First, I want to thank all of you for the kind words regarding my father’s passing. Your comments, emails, and letters mean everything to me. I am slowly working toward returning to my regular routine in between sleepless nights and the endless waves of sadness and thoughts of dad.
I hope all of you have a safe and Happy New Year.
News
Roughly 20,000 Confederates fled to Brazil at the end of the Civil War. Their descendants have celebrated their ancestors and the Confederacy annually in Santa Bárbara d'Oeste. Organizers of the festival have finally decided to cut ties with their Confederate past by renaming the the event and painting over Confederate flags located throughout the town.
David Cunningham, a professor of Sociology at Washington University in St. Louis, explores the impact of the decision to remove Confederate statues in Richmond, Virginia.
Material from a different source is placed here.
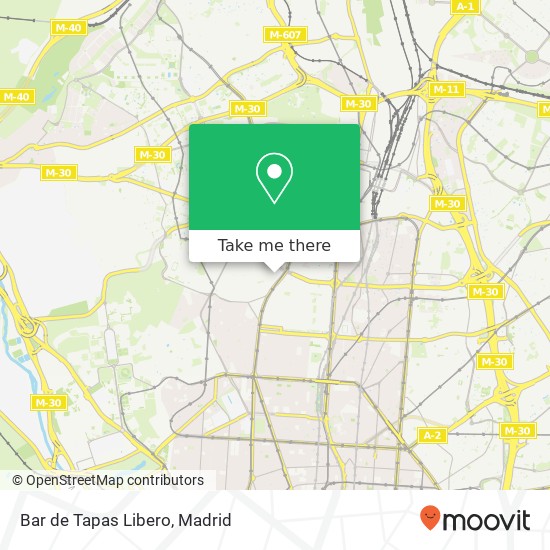 mapa Bar de Tapas Libero, Calle de los Algodonales, 9 28039 Berruguete Madrid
These approaches represent different and sometimes conflicting narratives about removed monuments. But the fates of all these statues and their grounds illustrate an unfolding movement to recast the connections between the past and today.
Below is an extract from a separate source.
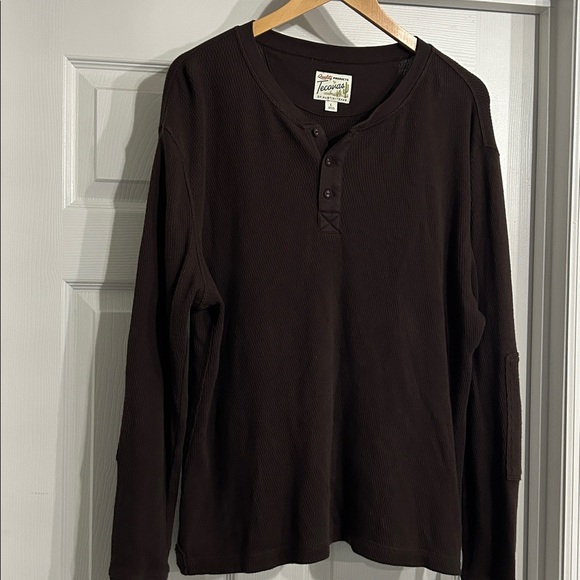 Tecovas Standard Issue Long Sleeve Waffle Knit Henley Size L - Picture 2 of 8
Who defines American values? In their respective reckonings with the Confederacy – and with modern racial justice movements – relocated Confederate statues are bellwethers of ongoing struggles to resolve this question.
Eli Wizevich writes about Ulysses S. Grant’s order to expel Jews from certain areas of the Confederacy in December 1862.
At The Civil War Monitor magazine, John Heckman, talks with historian Jennifer M. Murray about how the relationship between Union generals George Meade and Ulysses S. Grant operated during the Army of the Potomac’s pivotal 1864 campaigns against Robert E. Lee and the Army of Northern Virginia.
Also from CWM: In its October 12, 1861, issue, The Scientific American reprinted a brief article that had recently appeared in the Philadelphia newspaper North American. In it, an editor at the North American wrote up his notes of a discussion with a Union veteran of the Battle of Bull Run, which had been fought the previous July. The editor’s goal: to inform his readers—including potential army enlistees—what the experience of combat was like in the months-old Civil War.
Books
Matthew Gabriele & David M. Perry, Oathbreakers: The War of Brothers That Shattered an Empire and Made Medieval Europe (Harper, 2024).
Bennett Parten, Somewhere Toward Freedom: Sherman’s March and the Story of America’s Largest Emanciption (Simon & Schuster, 2025).
Timothy B. Smith, The Iron Dice of Battle: Albert Sidney Johnston and the Civil War in the West (Louisiana State University Press, 2023).
Wright Thompson, The Barn: The Secret History of A Murder in Mississippi (Penguin Press, 2025).
William Willrich, American Anarchy: The Epic Struggle between Immigrant Radicals and the the US Government at the Dawn of the Twentieth Century (Basic, 2023).
Videos
Eric Coddington does a fantastic job of contextualizing the famous photograph of Andrew and Silas Chandler that I used for the cover of my most recent book.
In February 1865, the outlook for the Army of Northern Virginia and the Confederate nation was grim. With little supplies for the army, no money, and Maj. Gen. William T. Sherman's army marching north through the Carolinas, Gen. Robert E. Lee's options for survival were quickly dwindling. Two confidential letters between Lee and Lt. Gen. James Longstreet tell the tale.
Garry Adleman tours the National Civil War Museum in Harrisburg, PA. I’ve spoken there numerous times. It is well worth visiting if you find yourself in the area.
Here is historian David Blight lecturing on the legacies of Reconstruction and the origins of the Jim Crow era.
Otis
Plotting his next move.
Thank you, Kevin, for sharing the good work of The Valentine in RVA as they continue to lead important community based discussions on this topic and many others our students are still processing and will need to be included in and informed about as they become local policy makers, educators, and future leaders. Knowing you are doing this as you spent your holidays (as so many did) without those most recently lost is a testament to your dedication to keeping important history in our national dialogue.
Good morning! ☀️ Thank you for keeping in touch through this medium while dealing with everything that come with the death of a parent. Please take time for yourself, all the time you need. We'll be here. No rush.